E vitamini (Tokoferoller):
E vitaminin bağışıklık sistemi üzerine etkisi antioksidan aktivitesi ile doğrudan ilişkilidir. Tıpkı A vitamini gibi yağda çözünen bir vitamindir. Hücre zarında bulunan çoklu doymamış yağ asitlerini oksidasyondan korur ve serbest radikal üretimini kontrol eder. E vitamini aslında dört tip tokoferol (α-, β-, γ- ve δ-tokoferoller) ve dört tip tokotrienol (α-, β-, γ- ve δ-tokotrienoller) için kullanılan kolektif terimdir. Bu formların tamamının antioksidan aktivitesi mevcut olmasına ragmen sadece α-tokoferol insan E vitamini gereksinimini karşılar. E vitaminin kuvvetli bağışıklık güçlendirici (T hücrelerinin çoğalmasını artırır, interlökn-2 üretimini artırırken, interlökin 4 ve 6 üretimini azaltır, COX-2 aktivitesini inhibe eder vb.). Vücuttaki yağ asitleri, kaslar ve kırmızı kan hücrelerinin korunmasında rol alır. E vitamini ihtiyacımızı yumurta, bitkisel yağlar (özellikle ayçiçek ve aspir yağı), margarin, mayonez, fındık, ceviz gibi besinlerden karşılayabiliriz. α-tokoferol için önerilen günlük doz yetişkinler için 12-15 mg, çocuklar için ise 5-12 mg’dır.
Proantosiyanidinler:
Flavonoit türevi bir bileşik grubudur, prosiyanidinler olarak da bilinir.
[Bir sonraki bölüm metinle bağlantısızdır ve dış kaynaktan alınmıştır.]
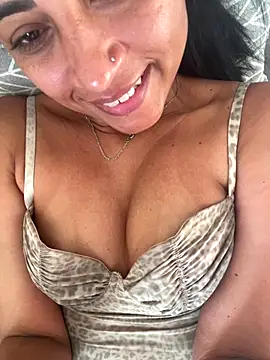 Snapshot of Katianesantos chatting on September 9, 9:42 am Katianesantos online show from September 9, 9:42 am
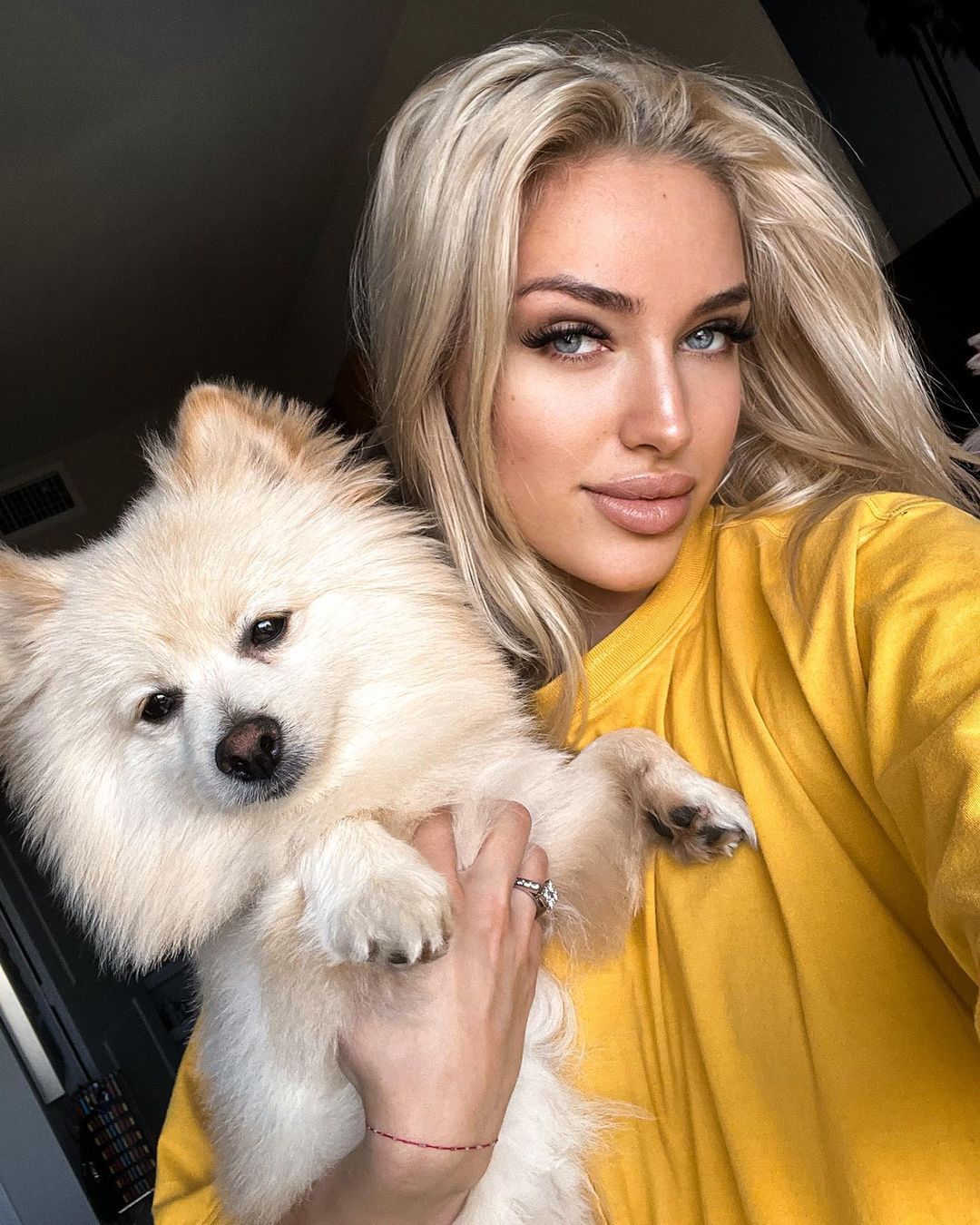 Caroline Derpienski pokazała się bez doczepów i filtrów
Kateşin ve epikateşin oligomerleri bu grup bileşiklere örnektir. Proantosiyanidinlerin en kuvvetli antioksidan aktiviteleridir. Kalp ve damar işlevleri üzerinde özellikle etkilidir. Bitkilerde yaygın olarak bulunurlar. Üzüm çekirdeği başlıca proantosiyanidin kaynağıdır. Yaban mersini, kara mürver, frenk üzümü, trabzon hurması, keçi boynuzu, muz, fut, erik, kayısı, ceviz, nar, çam kabuğu, elma, yer fıstığı, badem proantosiyanidin kaynaklarından bazılarıdır.